**Task description**
Reproduce the lines below exactly, from the one containing "3pcs Horror Spooky" through the one containing "Monthly heartworm prevention", both included. Leave out any pictures.

**Data shown**
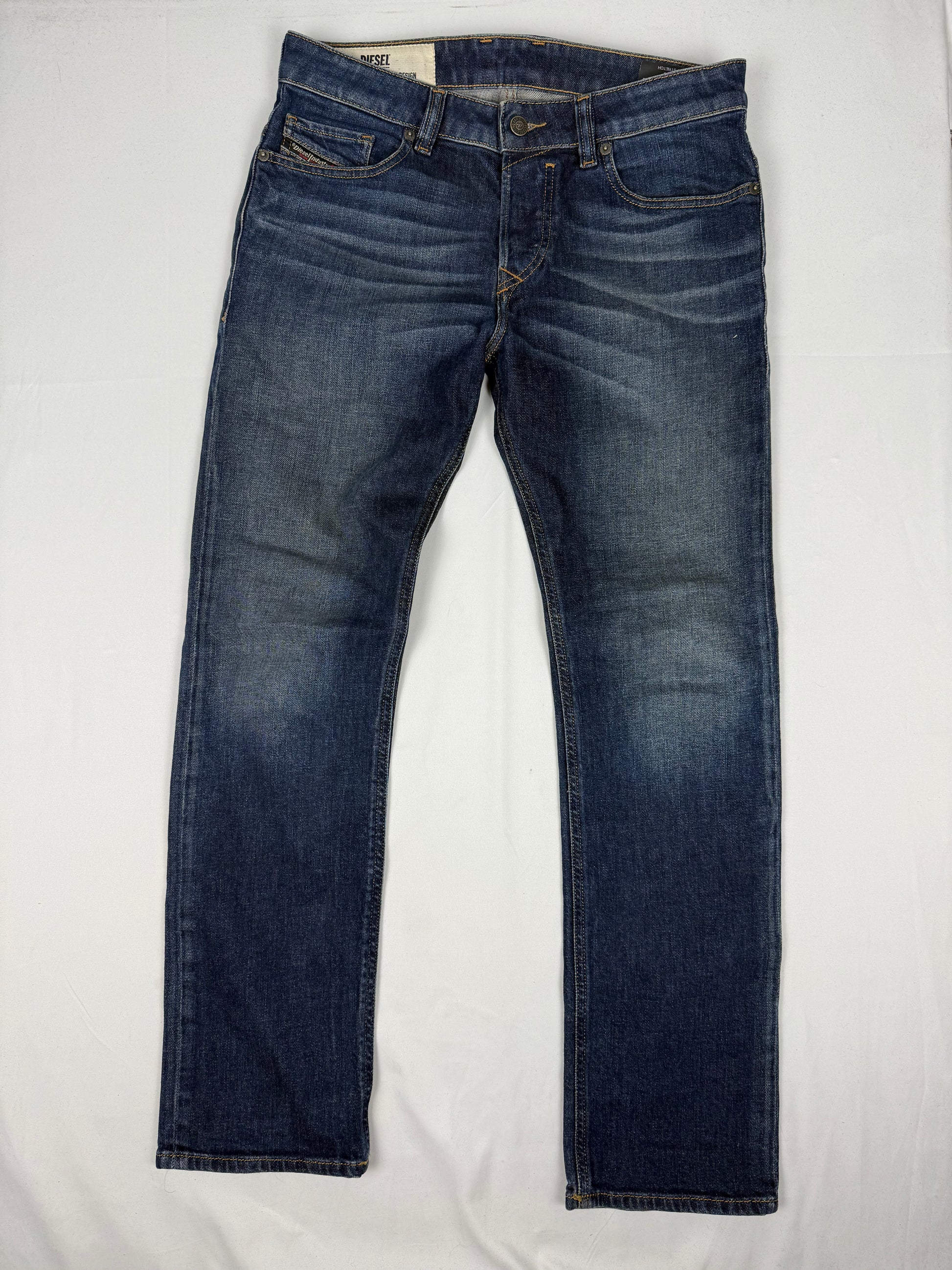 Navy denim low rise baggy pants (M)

...

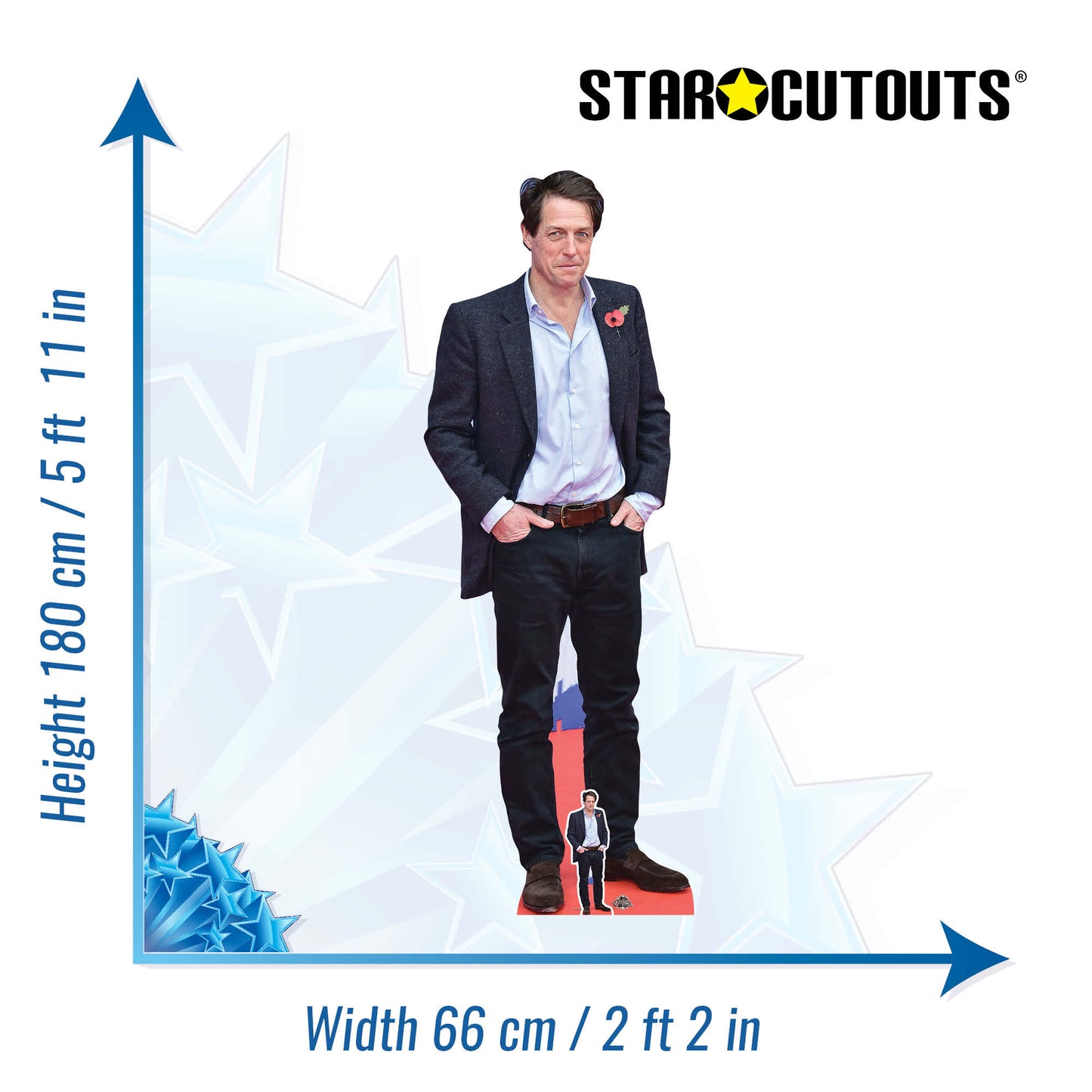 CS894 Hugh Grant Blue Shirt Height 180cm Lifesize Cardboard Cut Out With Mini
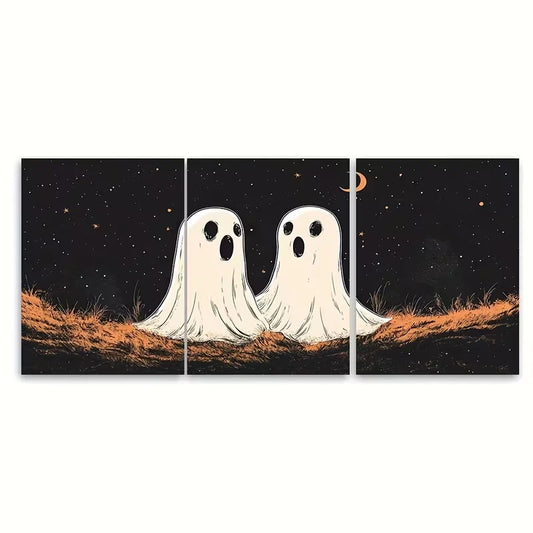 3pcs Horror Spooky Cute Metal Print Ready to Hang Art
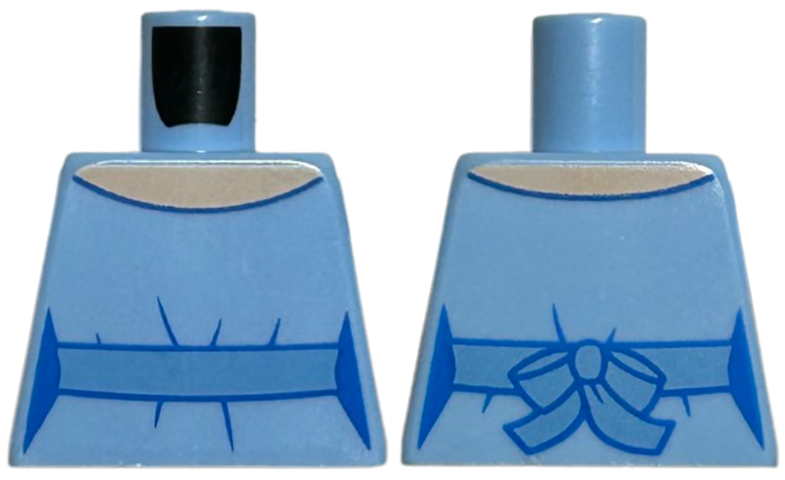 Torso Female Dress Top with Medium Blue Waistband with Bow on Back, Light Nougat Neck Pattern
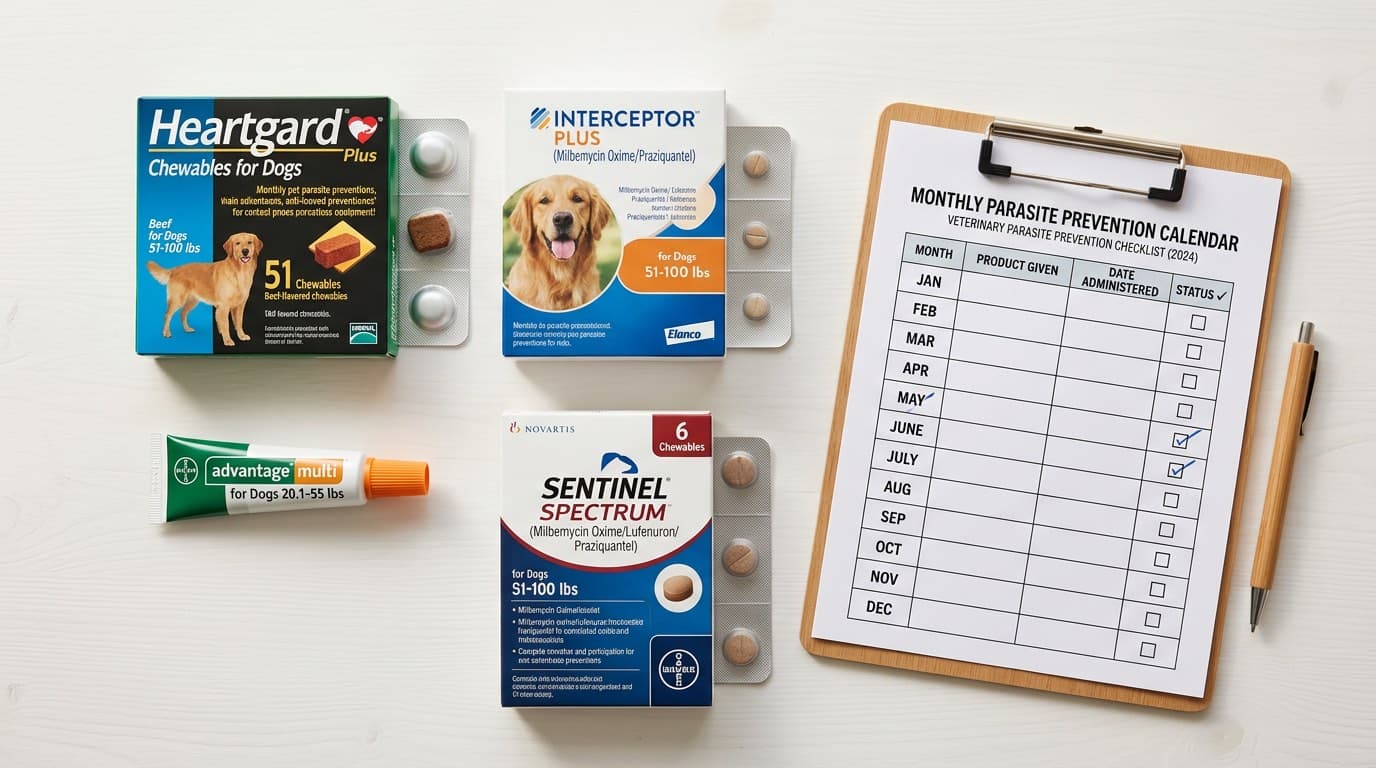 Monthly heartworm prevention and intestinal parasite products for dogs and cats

**Answer for the task**
 3pcs Horror Spooky Cute Metal Print Ready to Hang Art
 Torso Female Dress Top with Medium Blue Waistband with Bow on Back, Light Nougat Neck Pattern
 Monthly heartworm prevention and intestinal parasite products for dogs and cats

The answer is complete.